SsangYong's Korando EV (previewed by this concept) is understood to be production-ready. SsangYong's Korando EV (previewed by this concept) is understood to be production-ready.

The EV is understood to be more or less production ready, having already been confirmed for Australia, but with Mahindra only “considering” a lifeline of US$32.34 million to cover the brand’s costs for three months, it throws all of the brand’s future plans in doubt.

Business Korea even suggests a very real chance of bankruptcy, as SsangYong apparently owes a debt of almost US$74 million to the Korea Development Bank which comes due in July.
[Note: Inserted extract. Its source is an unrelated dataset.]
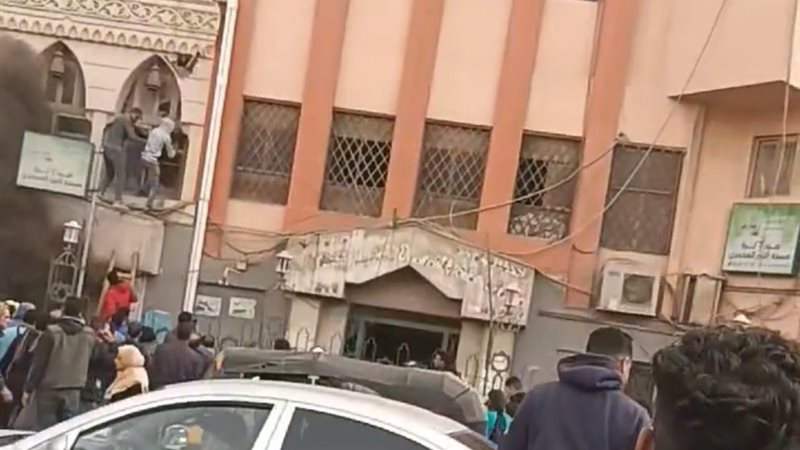 حريق مستشفى النور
The brand made comments to Korean media saying it would sell off non-essential assets in an attempt to solve liquidity issues in the meantime.

Despite its notably improved line up, SsangYong has struggled to gain a foothold in Australia, with the brand telling CarsGuide in the past that its biggest hurdle is brand awareness. It sold just over 1000 units by the end of 2019 against a target of 3000.

Somewhat unsurprisingly in Australia’s dual-cab obsessed climate, its best-selling model for the year was the Musso ute.